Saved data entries
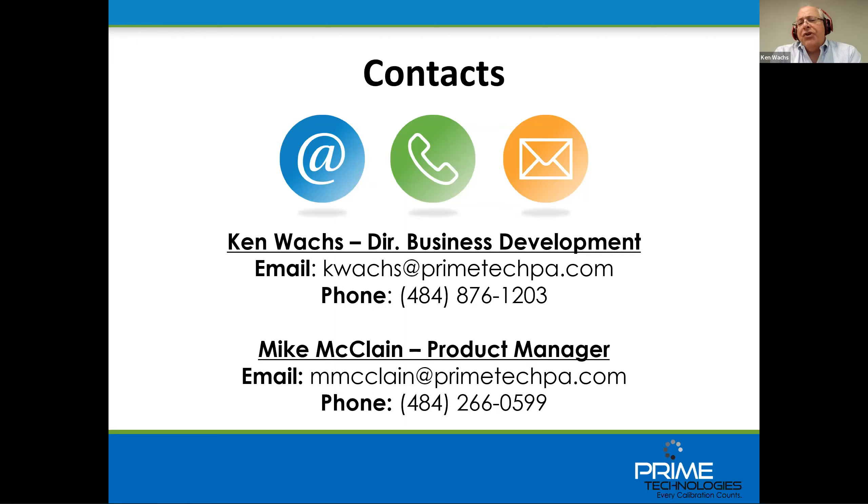Question: I'm on ProCal now — do you have a PCX migration path? Yes. If you're currently on ProCal and it's the right time for you to move to PCX, we will have a migration path for you. That migration software will change as PCX evolves, and we will keep it up to date so that we've always got a migration path for our ProCal users to go to PCX.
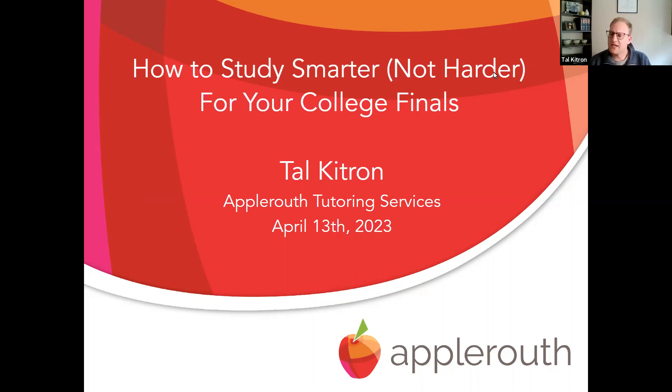My name is Tal Kitran with Apple Ruth Tutoring Services. I've been with the company for about 10 years in a few different capacities. Currently, my role is as a tutor and executive function coach, but I've worked with students in high school, college, and middle school. Today we're going to talk about college finals, which are coming up soon, and how to be proactive and study in a very smart and efficient way for these tests. Hopefully you'll find some helpful tips, and if you have questions at the end, please feel free to put them in the Q&A.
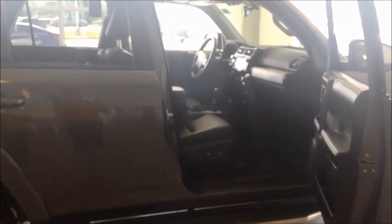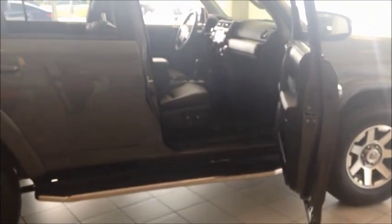Give me a call on this particular pre-owned 2015 certified 4Runner — I will definitely be glad to help you out. Once again, Yohannes shooting a video from Round Rock Toyota.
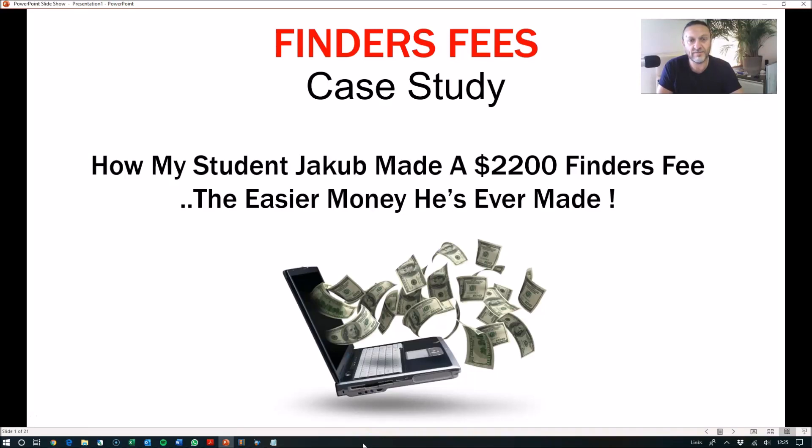How's it going? Matt Goldberg here from Surplus Traders Secrets, and welcome to my finder's fees case study — how my student Jacob made a $2,200 finder's fee, the easiest money he's ever made.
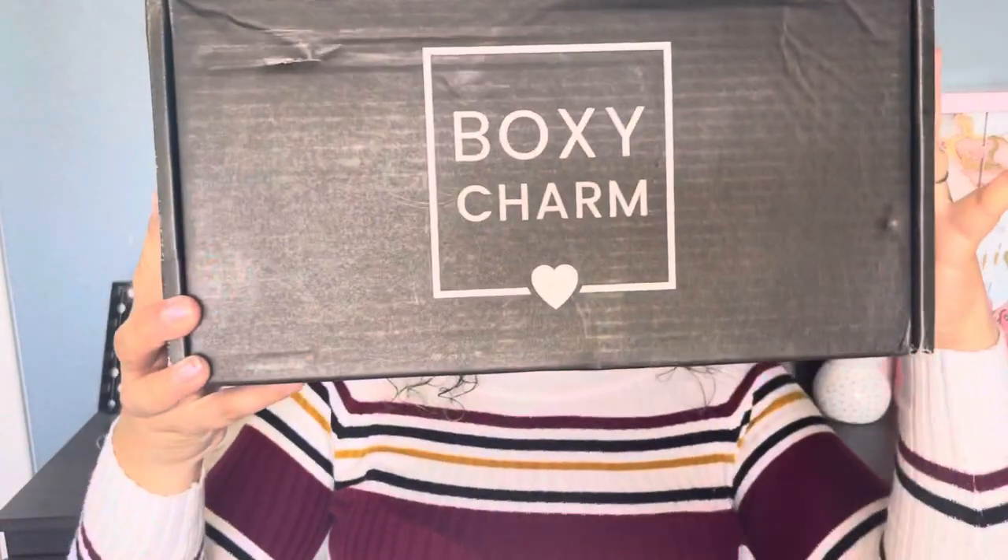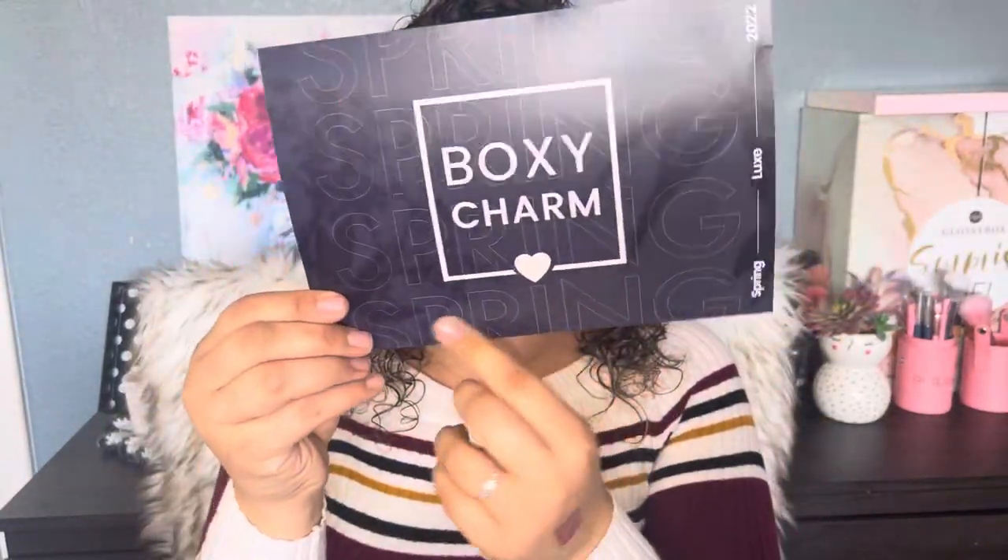Those were everything in the Premium box and I'm in love with each and every one of those products. Now I'm super excited to move on to the Luxe box! This is the Spring Luxe 2022 BoxyCharm — it just says 'Spring' all over it.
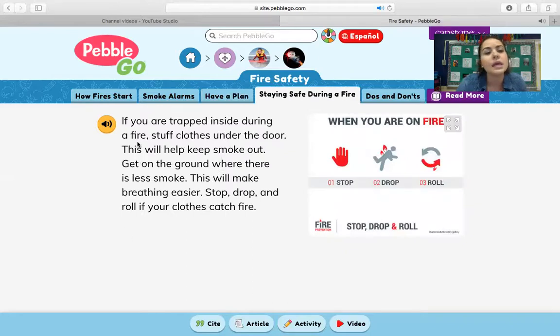Staying safe during a fire: if you are trapped inside, stuff clothes under the door — this will help keep smoke out. Get on the ground where there is less smoke; this will make breathing easier. Stop, drop, and roll if your clothes catch fire. What's really interesting is that stuffing clothes underneath your door is super smart, because underneath the door, even though it's closed, there's a tiny area where air can get in.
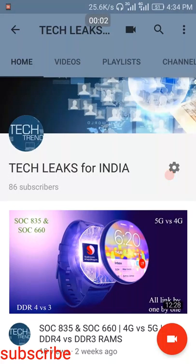Hi friends, welcome to Techlicks for India. Today we are going to discuss the LeEco smartphone. Before entering into the video, if you are first time to my channel please click on the subscribe button, so when I upload new videos you can get a notification on your mobile.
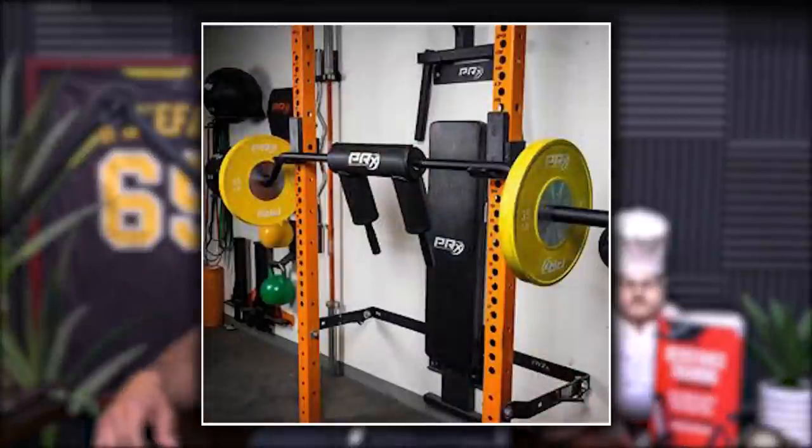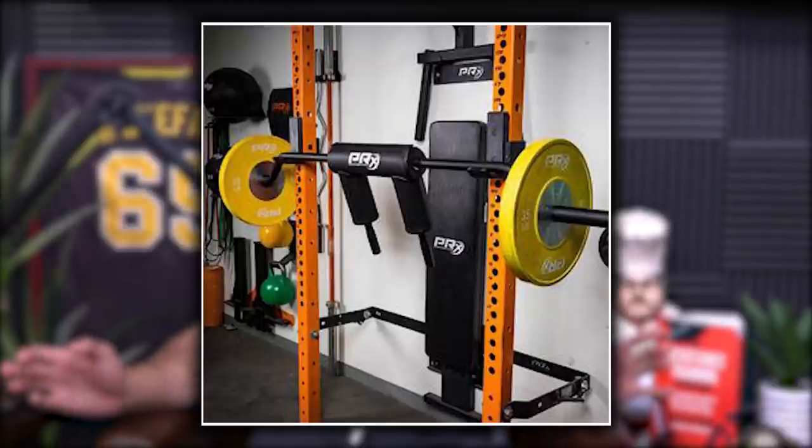I saw the safety squat bar — or is it just called the safety bar? I haven't used it in a while. I used it when we first got it and forgot all about it. I didn't even know we had it or where we put it.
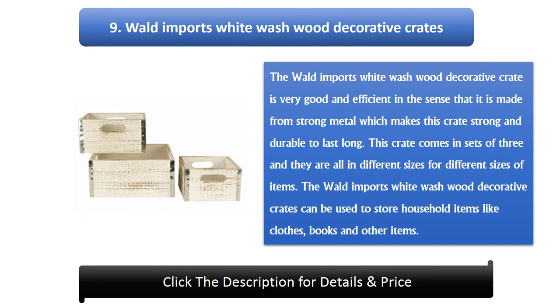Number 9: Walled Imports White Wash Wood Decorative Crates. This crate is made from strong metal which makes it strong and durable to last long. It comes in sets of three, all in different sizes for different sizes of items. It can be used to store household items like clothes, books, and other items.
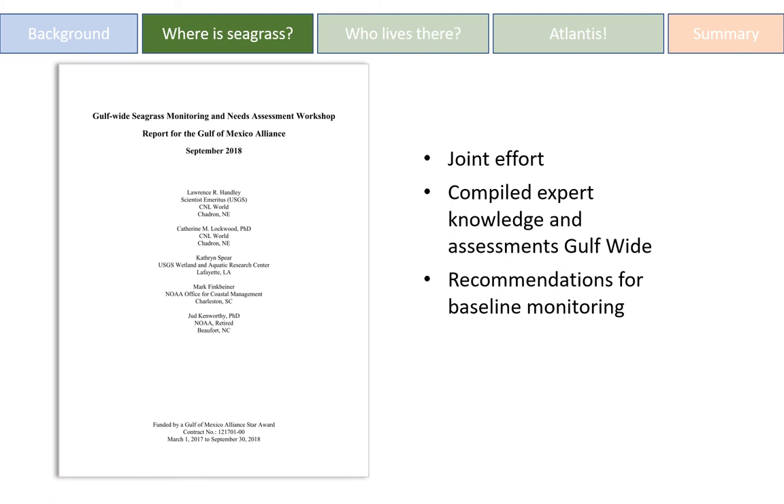To help answer the question of where seagrass is, one of our grant collaborators directed me to a report by the Gulf of Mexico Alliance on the current state of seagrass in the Gulf and future needs. They held a workshop — a joint effort of the U.S. Geological Survey, Wetlands and Aquatic Research Center, CNL World, the EPA, the Gulf of Mexico Alliance, and NOAA — in which they compiled seagrass experts' collective knowledge and assessment recommendations to develop a better understanding of where seagrass is and support continued study. They also came up with recommendations for baseline monitoring.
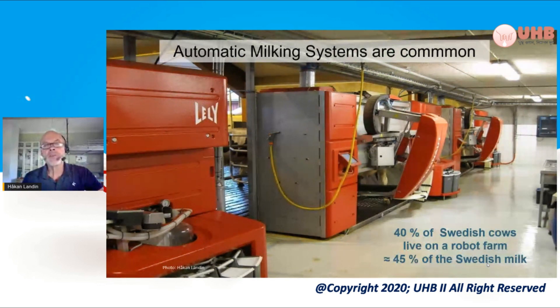Normally the typical robot farm — the AMS farm in Sweden — has about two robots and 120 to 140 cows.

[Required action] Give exactly the lines above that run from the line with "I saw the safety" to the line with "Number 9: Walled", both included, leaving every picture out.

[Response]
I saw the safety squat bar — or is it just called the safety bar? I haven't used it in a while. I used it when we first got it and forgot all about it. I didn't even know we had it or where we put it.
Number 9: Walled Imports White Wash Wood Decorative Crates. This crate is made from strong metal which makes it strong and durable to last long. It comes in sets of three, all in different sizes for different sizes of items. It can be used to store household items like clothes, books, and other items.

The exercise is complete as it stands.